3 Replies Latest reply on Aug 18, 2013 11:43 PM by himanshu.gautam

    clEnqueueCopyBuffer() COPY_BUFFER takes an incredibly long time on HD7970, MUCH faster on a HD5970

    cipoint

      I don't get it. My code runs on a machine with a HD7970 so much slower than on a second machine with a HD5970. I found out with CodeXL that it's due to a copy operation, which takes more than 100 times longer on the HD7970. The buffer is only 96KB and the copy operation should be less than one percent of the total execution time, although it occurs very often.
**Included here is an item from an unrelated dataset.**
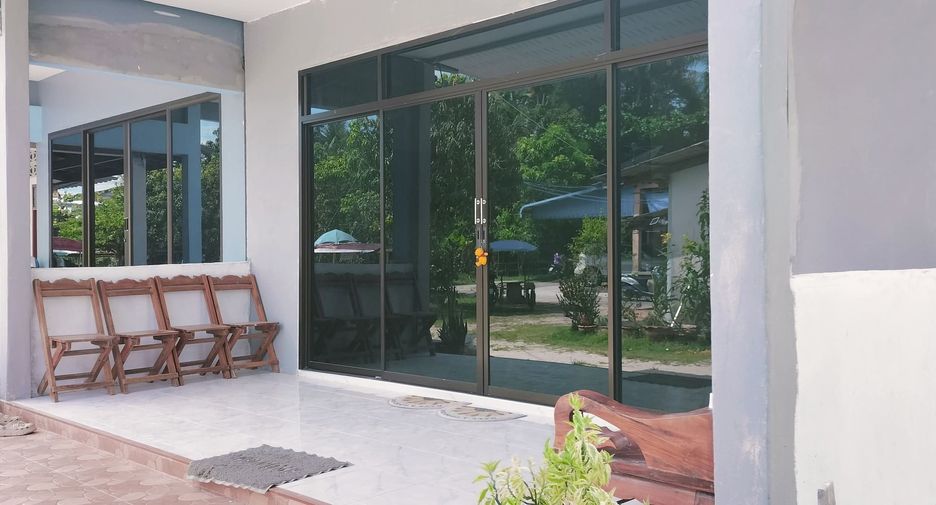 For rent 2 bedrooms townhouse in Thai Mueang, Phang Nga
But because it takes so long on the HD7970 the whole program slows down to a performance which is inaceptable.

       

      I've writen a small (test just to ensure that it's not an issue of my actual code) which copies a 100KB array to the device, then copies it to another buffer on the device and back to the host (500 times):

       

      int main(int argc, char **argv) {
        int N = 25600;
      
        OpenCLManagement OpenCL = OpenCLManagement(0, 0, true);
      
        float *bufferHb = new float[N];
        cl_mem bufferADb = clCreateBuffer(*OpenCL.getContext(), CL_MEM_READ_WRITE, N * sizeof(float), NULL, NULL);
        cl_mem bufferBDb = clCreateBuffer(*OpenCL.getContext(), CL_MEM_READ_WRITE, N * sizeof(float), NULL, NULL);
      
        for(int n = 0; n < 500; n ++) {
          clEnqueueWriteBuffer(*OpenCL.getQueue(), bufferADb, CL_FALSE, 0, N * sizeof(float), bufferHb, 0, NULL, NULL);
          clEnqueueCopyBuffer(*OpenCL.getQueue(), bufferADb, bufferBDb, 0, 0, N * sizeof(float), 0, NULL, NULL);
          clEnqueueReadBuffer(*OpenCL.getQueue(), bufferBDb, CL_FALSE, 0, N * sizeof(float), bufferHb, 0, NULL, NULL);
        }
      
        clFinish(*OpenCL.getQueue());
      
        clReleaseMemObject(bufferADb);
        clReleaseMemObject(bufferBDb);
      }
      
      
      

       

      The result is:

       

      HD7970:

      write buffer: ~155µs

      read buffer:  ~155µs

      copy buffer: ~120µs

       

      HD5970:

      write buffer: ~250µs

      read buffer:  ~300µs

      copy buffer: ~6µs

       

      I tested also a HD6770 on the second machine results comparable to the HD5970. Since the HD7970 is installed in a remote server and I don't have root acces I can't change much on the system.

       

      What could cause this problem on the server machine? I don't know what driver version is installed there but the APP SDK version is 1.2 (1016.4).

       

      edit: The HD7970 outperforms the HD5970 for buffers of 100MB or more (1µs vs 1.9µs for a copy operation). But for buffers of 10MB or less the HD7970 still is very slow.